Answer False. Two recursive calls do not automatically mean exponential time. Merge sort makes two recursive calls but has O(n log n) complexity because the work at each level is O(n) and the depth is O(log n). The exponential complexity of naive Fibonacci comes from overlapping subproblems — the same values being recomputed many times — not merely from having two calls.

Q11. True or False: If a recursive function has a correct base case, it cannot cause a stack overflow.

Answer False. A correct base case prevents infinite recursion, but very deep recursion (e.g., processing a linked list of 100,000 nodes) can still overflow the stack even though it will eventually terminate. The issue is stack size, not correctness.

Q12. True or False: In Pascal, each recursive call gets its own copy of the function's local variables.

Answer True. Each recursive call creates a new stack frame with its own copies of local variables and value parameters. This is why Factorial(3) and Factorial(2) each have their own independent N.

Section 3: Short Answer

Q13. Given the following recursive function, what is the output of PrintPattern(4)?
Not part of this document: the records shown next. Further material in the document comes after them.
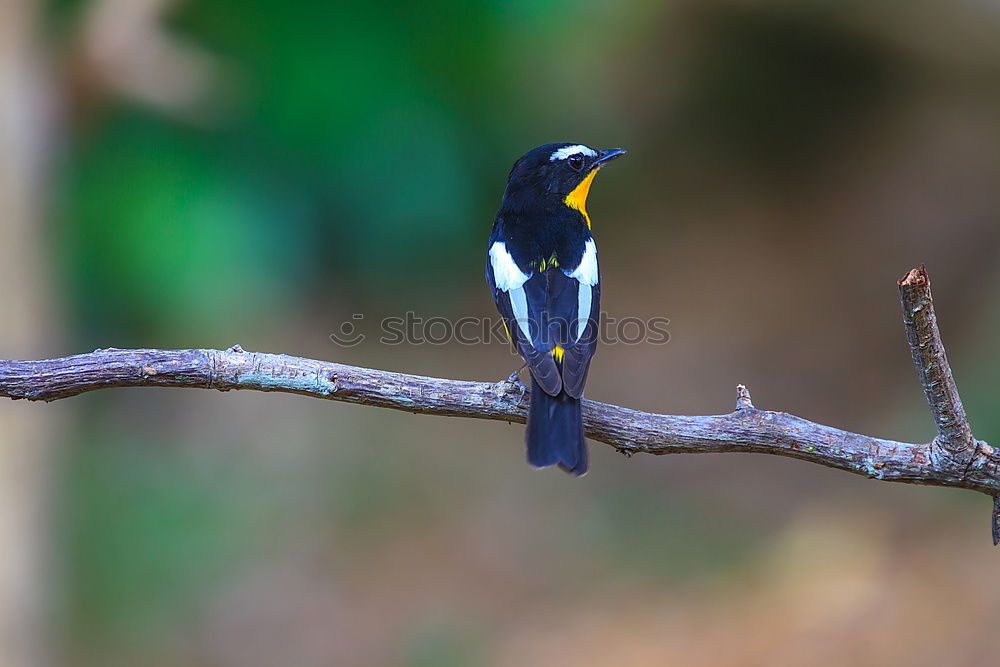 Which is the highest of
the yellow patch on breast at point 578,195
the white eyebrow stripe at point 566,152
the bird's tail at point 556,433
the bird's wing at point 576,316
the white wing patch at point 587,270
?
the white eyebrow stripe at point 566,152

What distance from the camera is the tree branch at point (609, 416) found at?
254 cm

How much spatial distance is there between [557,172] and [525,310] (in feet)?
2.99

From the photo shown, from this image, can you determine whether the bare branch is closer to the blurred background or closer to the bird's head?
the bird's head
procedure PrintPattern(N: Integer);
var
  I: Integer;
begin
  if N > 0 then begin
    PrintPattern(N - 1);
    for I := 1 to N do
      Write('*');
    WriteLn;
  end;
end;
Answer
*
**
***
****
Because the recursive call comes before the print statement, the smallest value (1) prints first (during unwinding from the deepest call), building up to the largest value (4).

Q14. A student writes the following and claims it computes 2ⁿ. Is it correct? If not, what does it actually compute?

function Mystery(N: Integer): Integer;
begin
  if N = 0 then
    Mystery := 1
  else
    Mystery := Mystery(N - 1) + Mystery(N - 1);
end;
Answer It IS correct — it computes 2^N. When N=0, returns 1 (=2^0). For N>0, it returns 2^(N-1) + 2^(N-1) = 2 * 2^(N-1) = 2^N. However, it is extremely inefficient — O(2^N) time complexity because it recomputes the same value twice at every level. A simple Mystery := 2 * Mystery(N - 1) would be O(N), and a loop would be even better.

Q15. Name two advantages of recursive tree traversal over iterative tree traversal, and two advantages of iterative tree traversal over recursive.

Answer Recursive advantages: (1) Much shorter and more readable code that mirrors the tree's recursive structure. (2) Easier to write correctly — iterative post-order traversal in particular is tricky. Iterative advantages: (1) No risk of stack overflow for very deep trees. (2) Slightly faster due to no function call overhead.